• **Task description**: For this exercise, return only the lines in the records below from the one holding "너무 살쪄서 털이라도 깎아 본 견주.jpg" through the one holding "肌肤暗黄有色斑？吉米雪颜素美白淡斑体验套让肌肤重生", including both, exactly as they appear and without pictures.

• **Record excerpts**:
------------------------------------------------

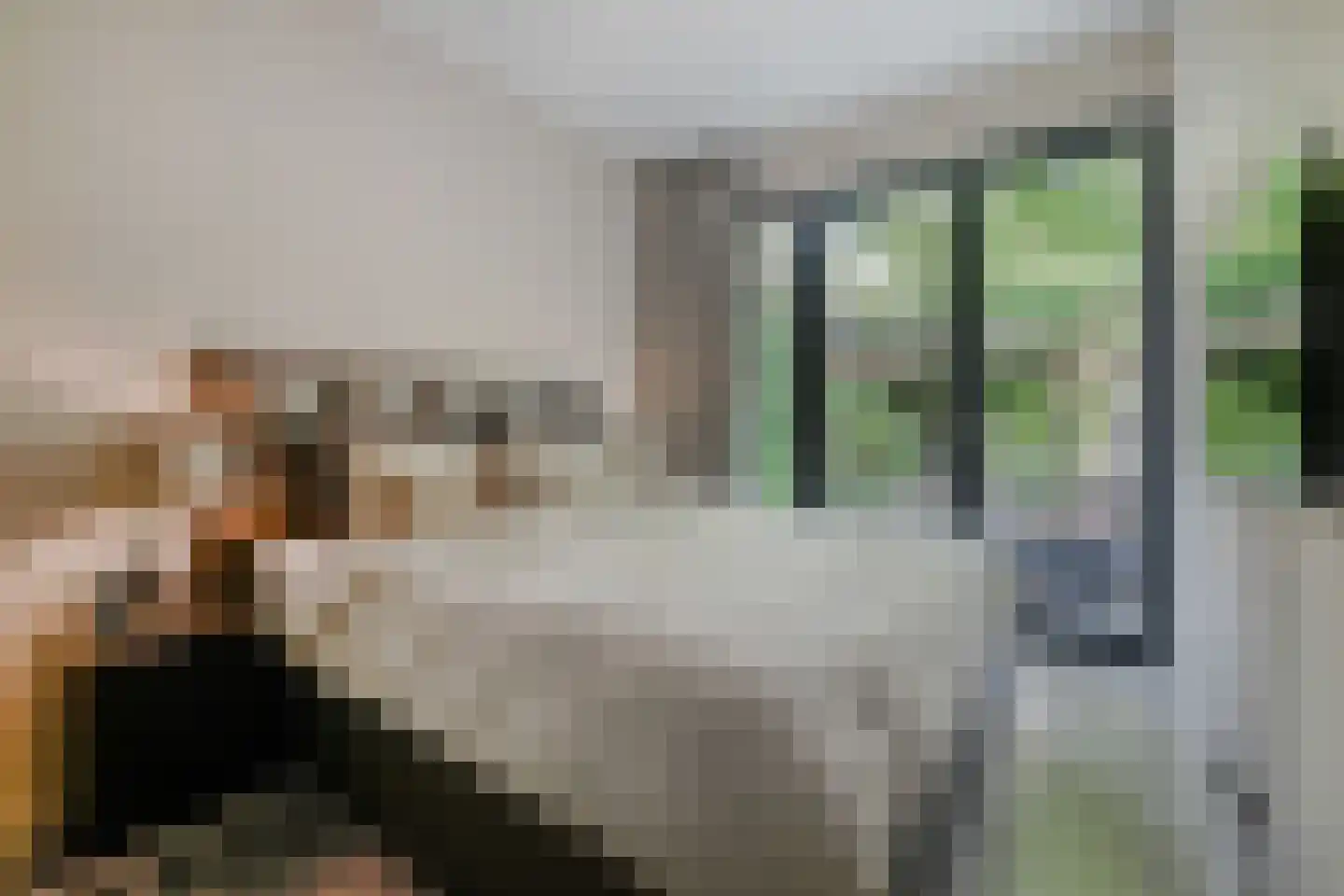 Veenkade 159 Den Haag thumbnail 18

------------------------------------------------

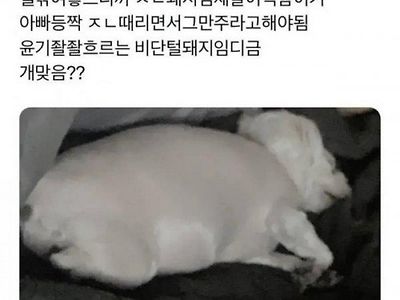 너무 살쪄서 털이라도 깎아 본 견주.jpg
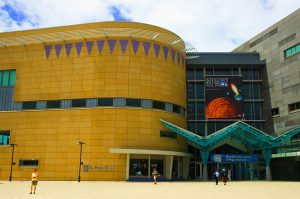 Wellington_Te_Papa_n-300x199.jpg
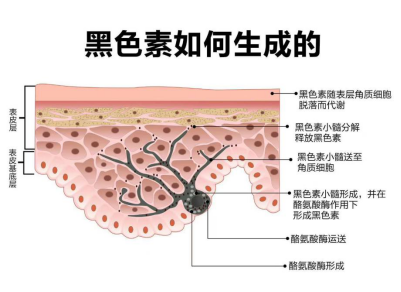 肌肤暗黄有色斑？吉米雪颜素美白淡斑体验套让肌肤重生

------------------------------------------------

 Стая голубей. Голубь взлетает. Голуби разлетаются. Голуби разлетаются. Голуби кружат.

------------------------------------------------

• **Written reply**:
 너무 살쪄서 털이라도 깎아 본 견주.jpg
 Wellington_Te_Papa_n-300x199.jpg
 肌肤暗黄有色斑？吉米雪颜素美白淡斑体验套让肌肤重生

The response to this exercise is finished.